CFA 10: Sampling and Estimation Flashcards
sampling
Sampling
The process of obtaining a sample.
statistic
Sampling
A quantity computed from or used to describe a sample of data.
sampling plan
Sampling
A set of rules used to select a sample.
simple random sample
Sampling
A subset of a larger population created in such a way that each element of the population has an equal probability of being selected to the subset.
systematic sampling
Sampling
With systematic sampling, we select every Kth member until we have a sample of the desired size. The sample that results from this procedure should be approximately random.
sampling error
Sampling
Any difference between the sample mean and the population mean; teh difference between the observed value of astatistic and the quantity it is intended to estimate.
sampling distribution
Sampling
The sampling distribution of a statistic is the distribution of all the distinct possible values that the statistc can assume when computed from samples of the same size randomly drawn from the same population.
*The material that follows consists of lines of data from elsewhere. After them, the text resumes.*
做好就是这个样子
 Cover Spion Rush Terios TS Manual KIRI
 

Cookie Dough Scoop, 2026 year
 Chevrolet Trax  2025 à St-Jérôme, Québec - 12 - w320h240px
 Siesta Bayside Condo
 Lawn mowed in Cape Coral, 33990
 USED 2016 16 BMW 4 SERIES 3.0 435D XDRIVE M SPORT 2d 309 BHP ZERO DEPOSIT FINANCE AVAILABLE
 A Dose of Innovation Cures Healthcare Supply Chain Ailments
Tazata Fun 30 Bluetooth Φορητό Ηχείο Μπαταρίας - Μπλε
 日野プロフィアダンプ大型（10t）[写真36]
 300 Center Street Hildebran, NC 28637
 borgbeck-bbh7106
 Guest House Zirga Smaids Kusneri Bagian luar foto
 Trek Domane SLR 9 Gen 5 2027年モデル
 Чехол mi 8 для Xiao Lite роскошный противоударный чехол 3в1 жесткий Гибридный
stratified random sampling
Sampling
The population is divided into subpopulations (strata) based on one or more classification criteria. Simple random samples are then drawn from each stratum in sizes proportional to the relative size of each stratum in the population. These samples are then pooled to form a stratified random sample.
indexing
Sampling
An investment strategy in which an investor constructs a portfolio to mirror the performance of a specified index.
The Central Limit Theorem
Distribution of the Sample Mean
The central limit theorem states that for large sample sizes, for any underlying distribution for a random variable, the sampling distribution of the sample mean for that variable will be approximately normal, with mean equal to the population mean for that random variable and variance equal to the population variance divided by sample size.
estimators
Point and Interval Estimates of the Population Mean
An estimation formula; the formula used to compute the sample mean and other sample statistics are examples of estimators.
estimate
Point and Interval Estimates of the Population Mean
The particular value calculated from sample observations using an estimator.
point estimate
Point and Interval Estimates of the Population Mean
A single numerical estimate of an unknown quantity, such as a population parameter.
unbiased estimator
Point and Interval Estimates of the Population Mean
One whose expected value (the mean of its sampling distribution) equals the parameter it is intended to estimate.
efficiency (in an unbiased estimator)
Point and Interval Estimates of the Population Mean
An unbiased estimator is efficient if no other unbiased estimator of the same parameter has a sampling distribution with smaller variance.
consistency (in an estimator)
Point and Interval Estimates of the Population Mean
A consistent estimator is one for which the probability of estimates close to to the value of the population parameter increases as sample size increases.
confidence interval
Point and Interval Estimates of the Population Mean
A confidence interval is a range for which one can assert with a given probability 1-a, called the degree of confidence, that it will contain the parameter it is intended to estimate. This interval is often referred to as the 100(1-a)% confidence interval for the parameter.
construction of confidence intervals
Point and Interval Estimates of the Population Mean
A 100(1-a)% confidence interval for a parameter has the following structure:
Point estimate (+/-) Reliability factor x standard error
where
point estimate = a point estimate of the parameter (a value of a sample statistic)
reliability factor = a number based on the assumed distribution of the point estimate and the degree of confidence (1-a) for the confidence interval.
standard error = the standard error of the sample statistic providing the point estimate
degrees of freedom (df)
Point and Interval Estimates of the Population Mean
The number of independent observations used.
data mining
More on Sampling
The practice of determining a model by extensive searching through a dataset for statistically significant patterns.
out-of-sample test
More on Sampling
A test of a strategy or model using a sample outside the time period on which the strategy or model was developed.
intergenerational data mining
More on Sampling
A form of data mining that applies information developed by previous researchers using a dataset to guide current research using the same or a related dataset.
sample selection bias
More on Sampling
When data availability leads to certain assets being excluded from the analysis.
survivorship bias
More on Sampling
The bias resulting from a test design that fails to account for companies that have gone bankrupt, merged, or are otherwise no longer reported in a database.
look-ahead bias
More on Sampling
A bias caused by using information that was unavailable on the test date.
time-period bias
More on Sampling
The possibility that when we use a time-series sample, our statistical conclusion may be sensitive to the starting and ending dates of the sample.